Il y a dans l’air montréalais une forme d’épuisement collectif, une sensation diffuse mais lourde que deux institutions qui ont longtemps structuré l’imaginaire public: le Canadien de Montréal et le 98,5 FM sont en train de s’effondrer sous nos yeux, chacune selon des dynamiques différentes mais étrangement similaires.

Comme si la ville assistait, impuissante, à la fin lente mais inévitable de deux empires qui n’ont pas vu venir leur propre déclin et qui se retrouvent aujourd’hui ballottés par des forces qu’ils ne contrôlent plus, pendant que leurs adversaires, plus affamés, plus structurés, avancent tranquillement dans les trous qu’ils ont eux-mêmes laissées se creuser.

Ce qui frappe le plus, autant dans la chute du CH que dans celle du 98,5, c’est la façon dont ces organisations ont voulu croire que leur prestige d’hier les protégerait indéfiniment, alors que les signaux de détresse s’accumulaient déjà.

D'un côté, un système défensif bricolé qui craque de partout, un entraîneur qui perd la confiance de son vestiaire, des humiliations à répétition à domicile, une incapacité chronique à affronter l’adversité.

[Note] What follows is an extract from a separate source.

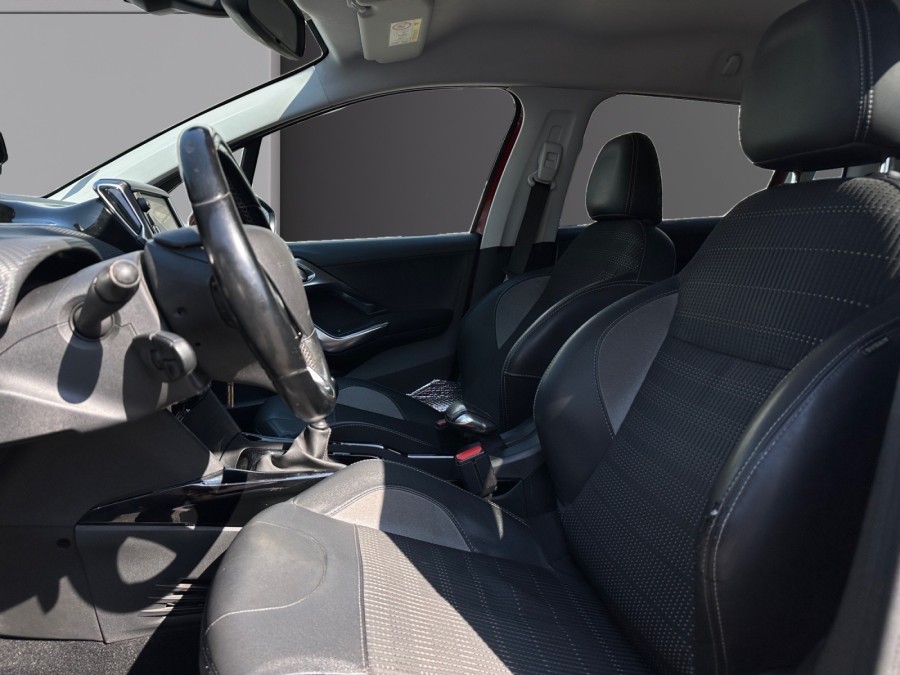 PEUGEOT d'occasion 2008 1.6 BLUE HDI 120 BUSINESS de 2016 Salon de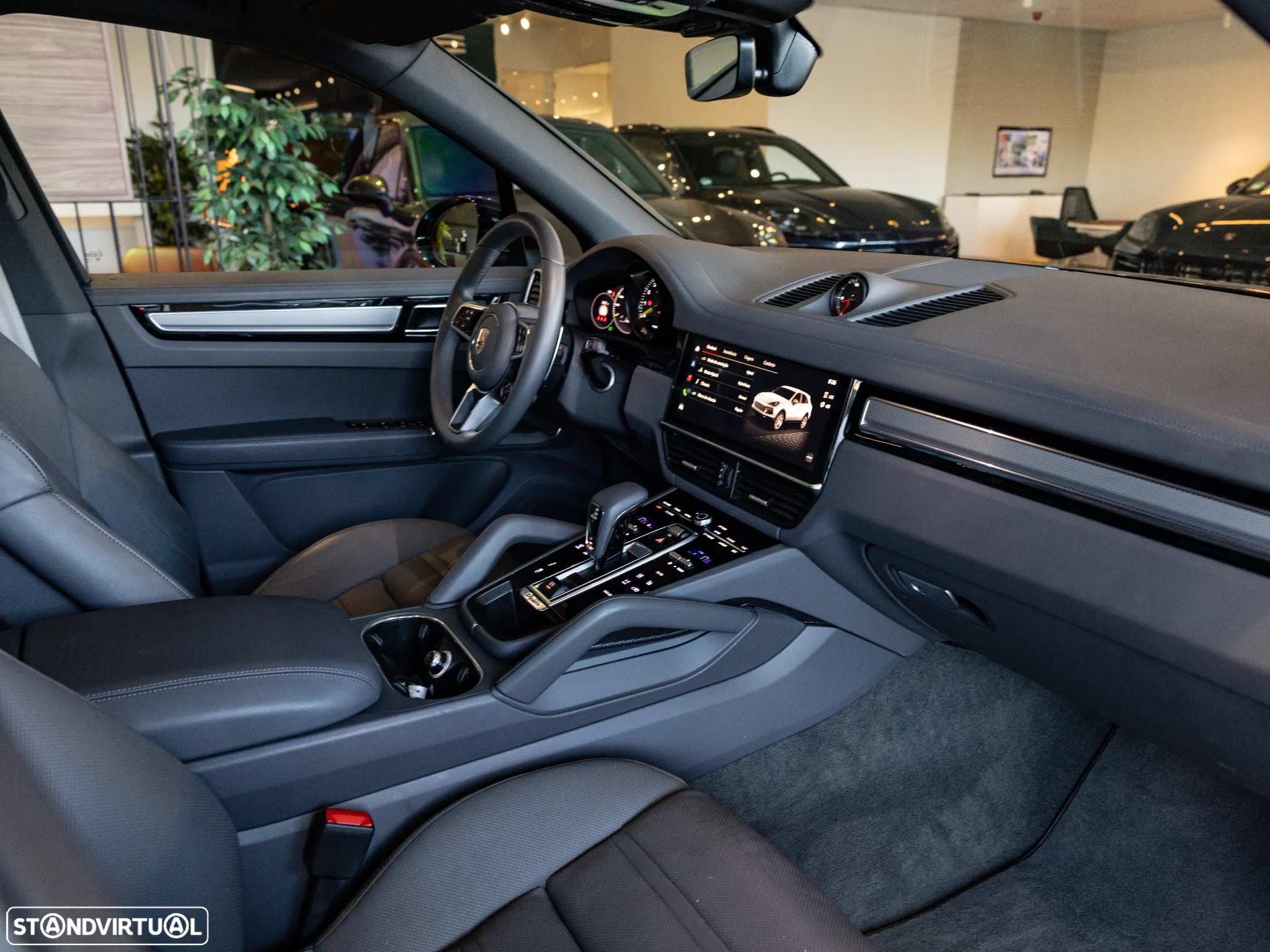Porsche Cayenne E-Hybrid Platinum Edition - 47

De l’autre, une matinale qui n’a jamais réussi à faire oublier la domination incroyable de Paul Arcand, un animateur parachuté trop rapidement dans un rôle qu’il n’a jamais habité avec la profondeur ou la spontanéité qu’exige la première station parlée du Québec (Patrick Lagacé), un public qui décroche semaine après semaine, et, plus récemment, les cotes d’écoute qui confirment que la chute n’est plus un simple ralentissement mais un renversement de tendance historique.

ICI Première domine désormais le marché avec 22,4 % de parts d’écoute (+5,2 points en un an), pendant que le 98,5 FM s’effondre à 15,9 % (-2,9), une chute vertigineuse pour une station qui, il n’y a pas si longtemps, régnait sans partage sur les matinales.

La débâcle apparaît encore plus brutale lorsqu’on détaille les performances individuelles : Patrick Masbourian pulvérise les records avec 74 200 auditeurs à la minute, une hausse fulgurante de 24 000 auditeurs en un an, tandis que Patrick Lagacé perd 10 500 auditeurs et glisse au septième rang avec 55 500 auditeurs à la minute.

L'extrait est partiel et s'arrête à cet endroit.